▶ [Exercise directions]: Everything in the listing should be copied exactly, save for the pictures.

▶ [Information supplied]:
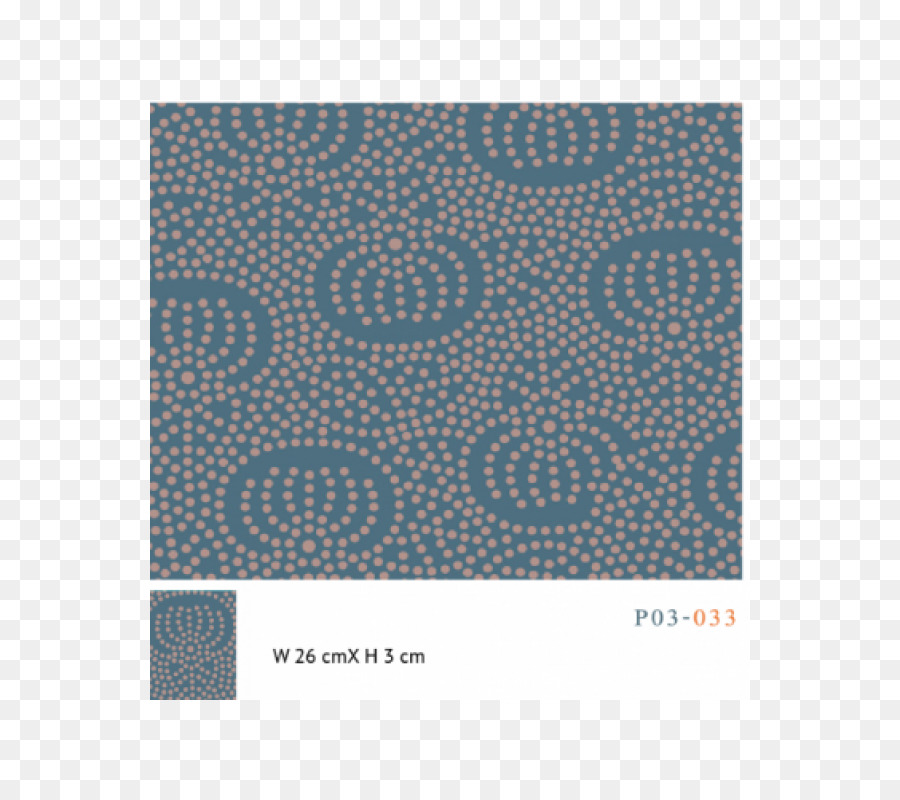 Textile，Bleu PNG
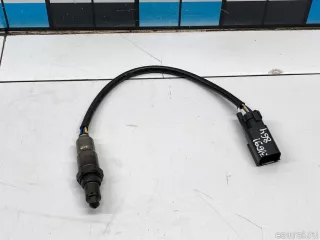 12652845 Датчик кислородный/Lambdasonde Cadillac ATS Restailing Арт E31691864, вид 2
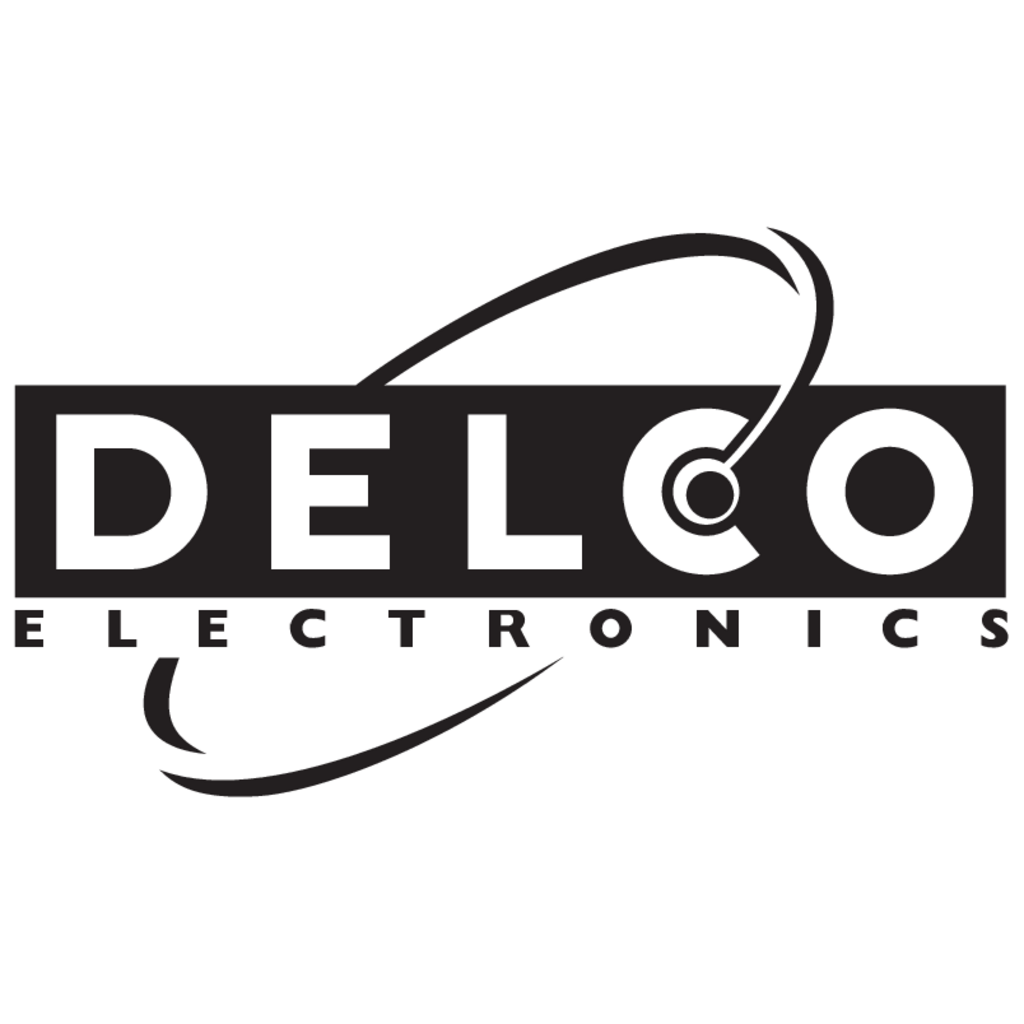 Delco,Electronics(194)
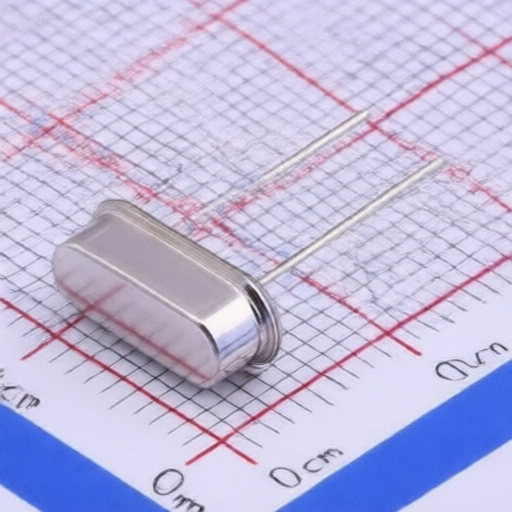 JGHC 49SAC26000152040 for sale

▶ [Answer to this problem]:
 Textile，Bleu PNG
 12652845 Датчик кислородный/Lambdasonde Cadillac ATS Restailing Арт E31691864, вид 2
 Delco,Electronics(194)
 JGHC 49SAC26000152040 for sale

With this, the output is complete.